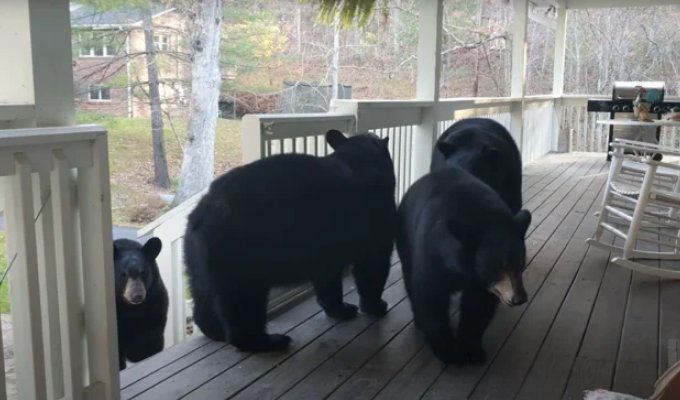 Мужчина подружился с медвежьим семейством (8 фото)
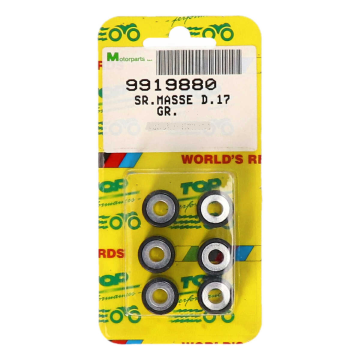 Jeu de rouleaux de variateur 19X15.5 Top performances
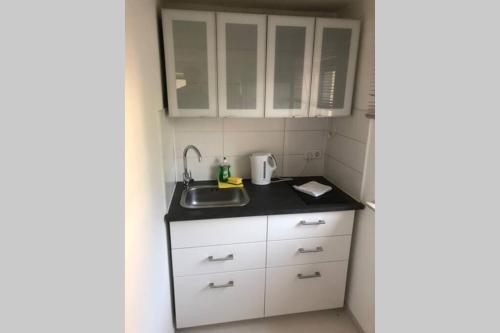 a small kitchen with a sink and white cabinets at Sachsenhausen in Alzenau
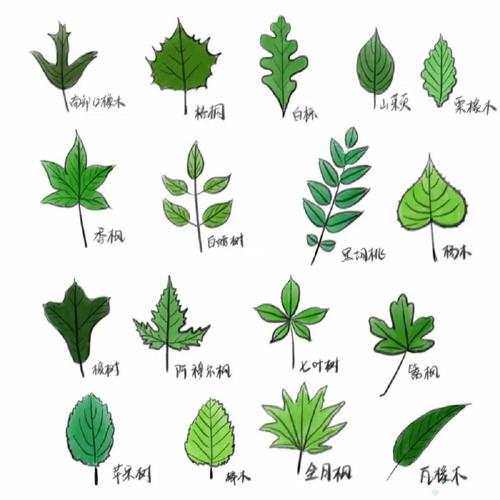 巢虫消灭方法：有效防控害虫入侵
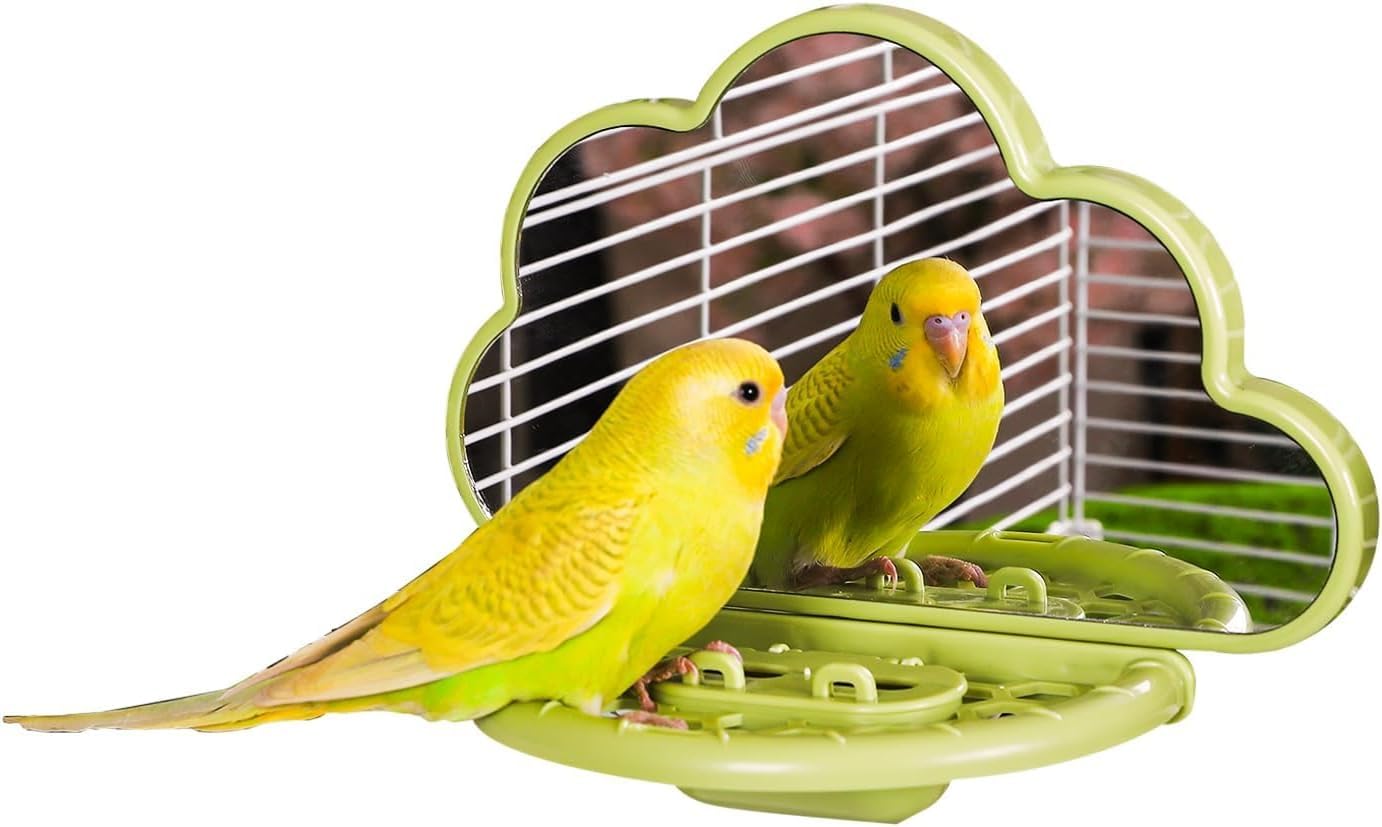 septillar Bird Mirror with Perch Stand, Bird Toys for Budgie Parakeet Cockatiel Conure Lovebirds Finch Canaries (Green)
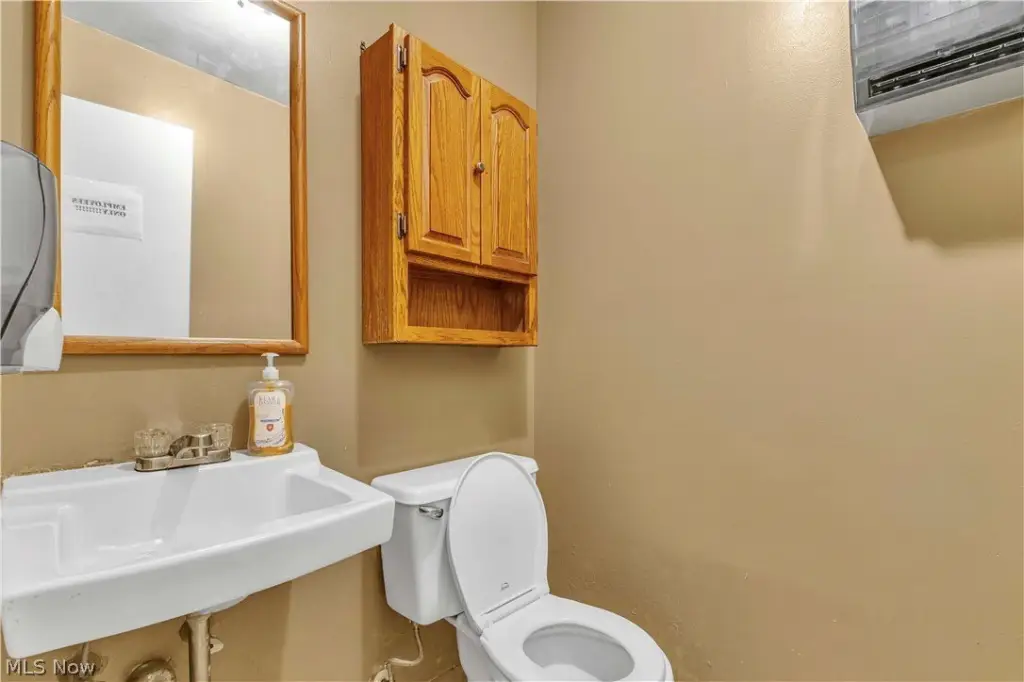 Picture 15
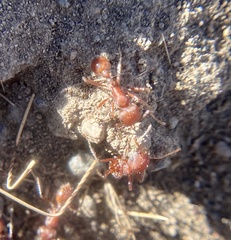 Pogonomyrmex occidentalis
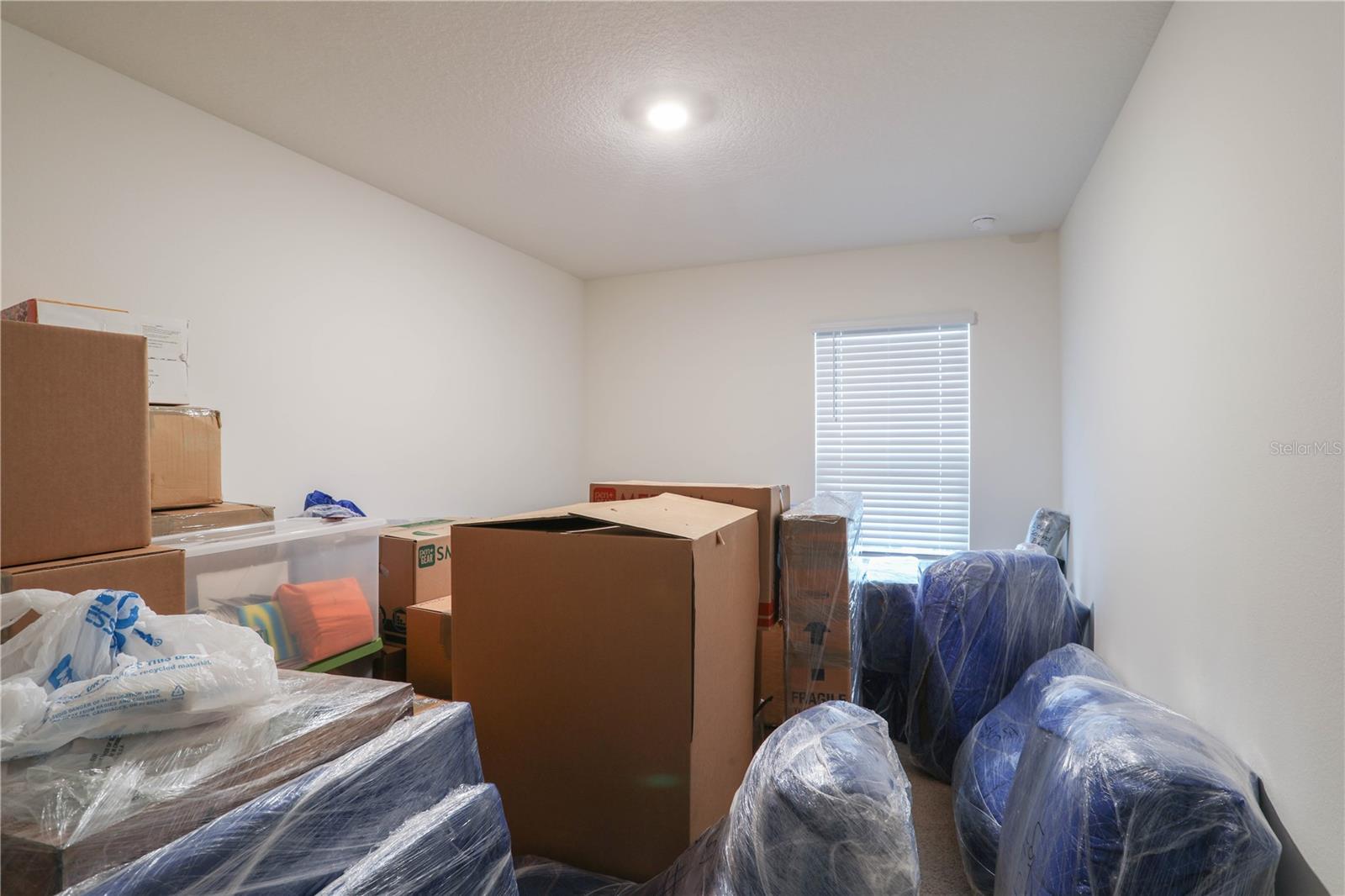 5242 SCRUB MINT LN, APOPKA, FL, 32712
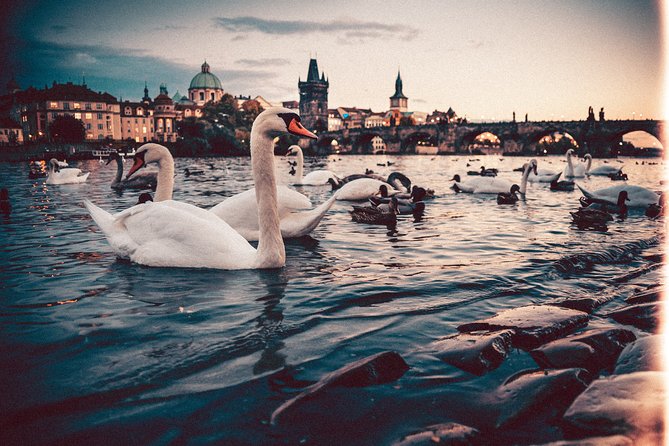 Vienna to Prague - Private Transfer with 2 hours of Sightseeing - Practical Tips Before You Go (So the Day Stays Easy)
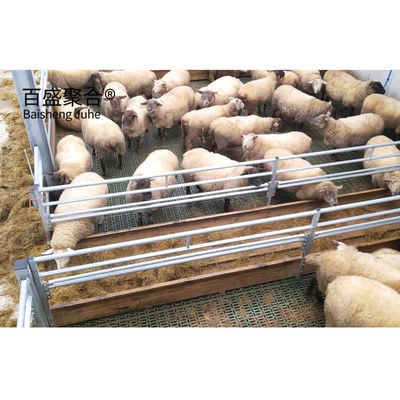 Q235 สแตนเลสคาร์บอนต่ํา หนัก Pre-design แกะ/วัว โครงสร้างสแตนเลส โรงฟาร์ม โรงไก่พาณิชย์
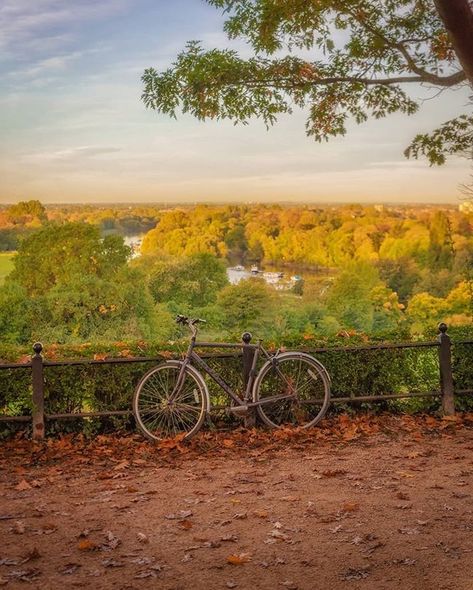 Richmond Hill Richmond Hill, Mood Board, Country Roads, London, Road, Pins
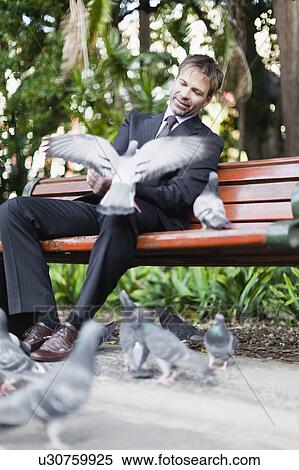 Businessman feeding pigeons in park View Large Photo Image Stock Photography - Businessman feeding pigeons in park. Fotosearch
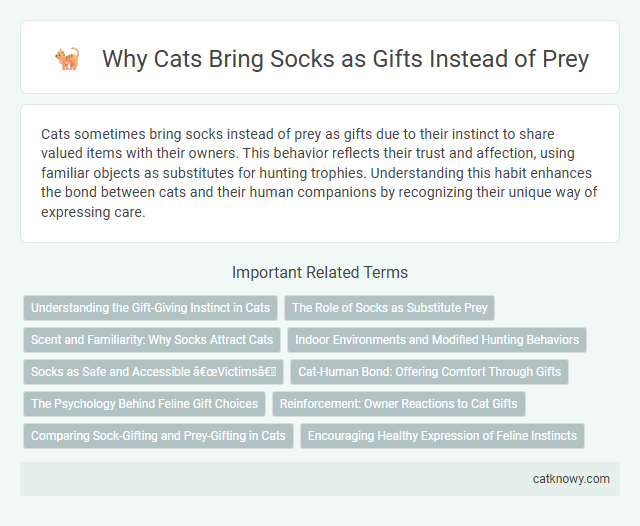 Why Cats Bring Socks as Gifts Instead of Prey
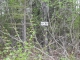 18264 Loveall Loop Clam Gulch, AK 99568 - Image 10923773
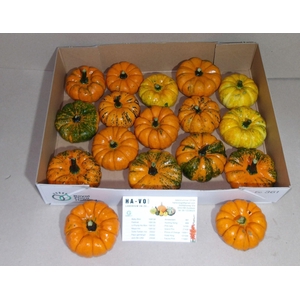 CUCURBITA PEPO 'JACK LITTLE'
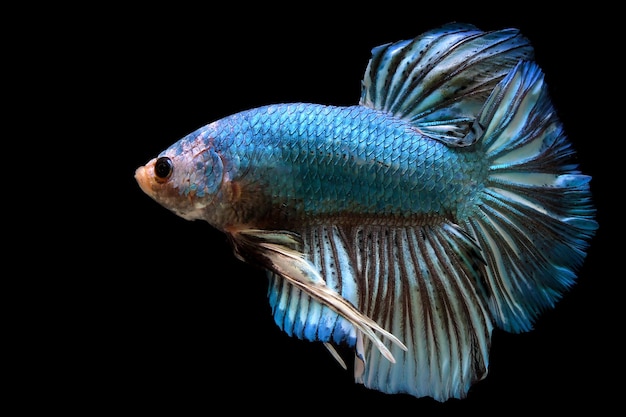 Pesce betta gigante blu fantasia su sfondo nero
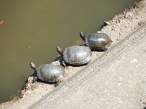 Tortise.jpg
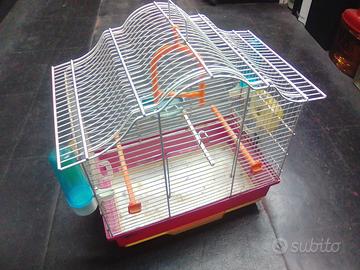 Gabbia uccellini con altalena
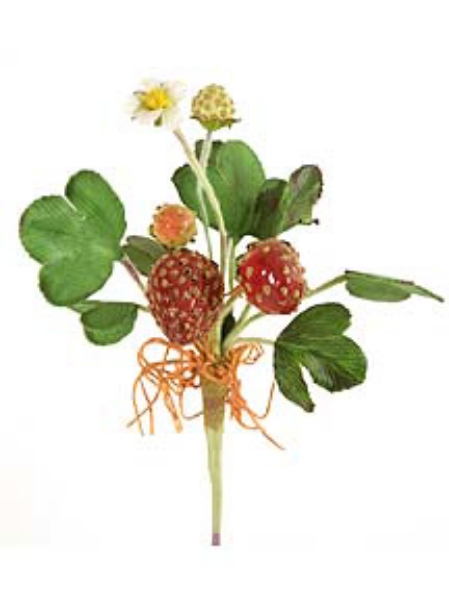 Picture of MIN STRAWBERRY PLANT W/ROOT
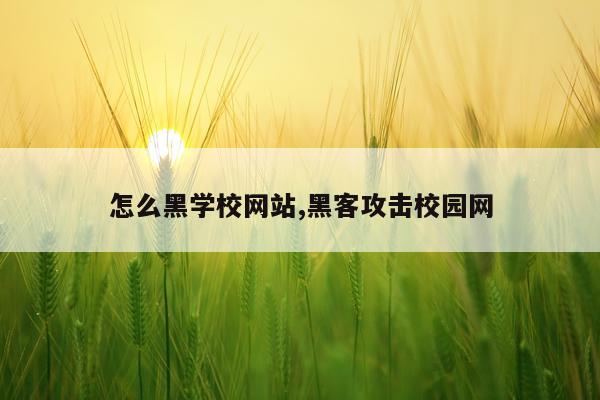 怎么黑学校网站,黑客攻击校园网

◆ Problem to work on:
Once the pictures are set aside, what is needed is the lines from the line with "巢虫消灭方法：有效防控害虫入侵" through the end of the data, written out exactly and alone.

◆ Worked solution:
 巢虫消灭方法：有效防控害虫入侵
 septillar Bird Mirror with Perch Stand, Bird Toys for Budgie Parakeet Cockatiel Conure Lovebirds Finch Canaries (Green)
 Picture 15
 Pogonomyrmex occidentalis
 5242 SCRUB MINT LN, APOPKA, FL, 32712
 Vienna to Prague - Private Transfer with 2 hours of Sightseeing - Practical Tips Before You Go (So the Day Stays Easy)
 Q235 สแตนเลสคาร์บอนต่ํา หนัก Pre-design แกะ/วัว โครงสร้างสแตนเลส โรงฟาร์ม โรงไก่พาณิชย์
 Richmond Hill Richmond Hill, Mood Board, Country Roads, London, Road, Pins
 Businessman feeding pigeons in park View Large Photo Image Stock Photography - Businessman feeding pigeons in park. Fotosearch
 Why Cats Bring Socks as Gifts Instead of Prey
 18264 Loveall Loop Clam Gulch, AK 99568 - Image 10923773
 CUCURBITA PEPO 'JACK LITTLE'
 Pesce betta gigante blu fantasia su sfondo nero
 Tortise.jpg
 Gabbia uccellini con altalena
 Picture of MIN STRAWBERRY PLANT W/ROOT
 怎么黑学校网站,黑客攻击校园网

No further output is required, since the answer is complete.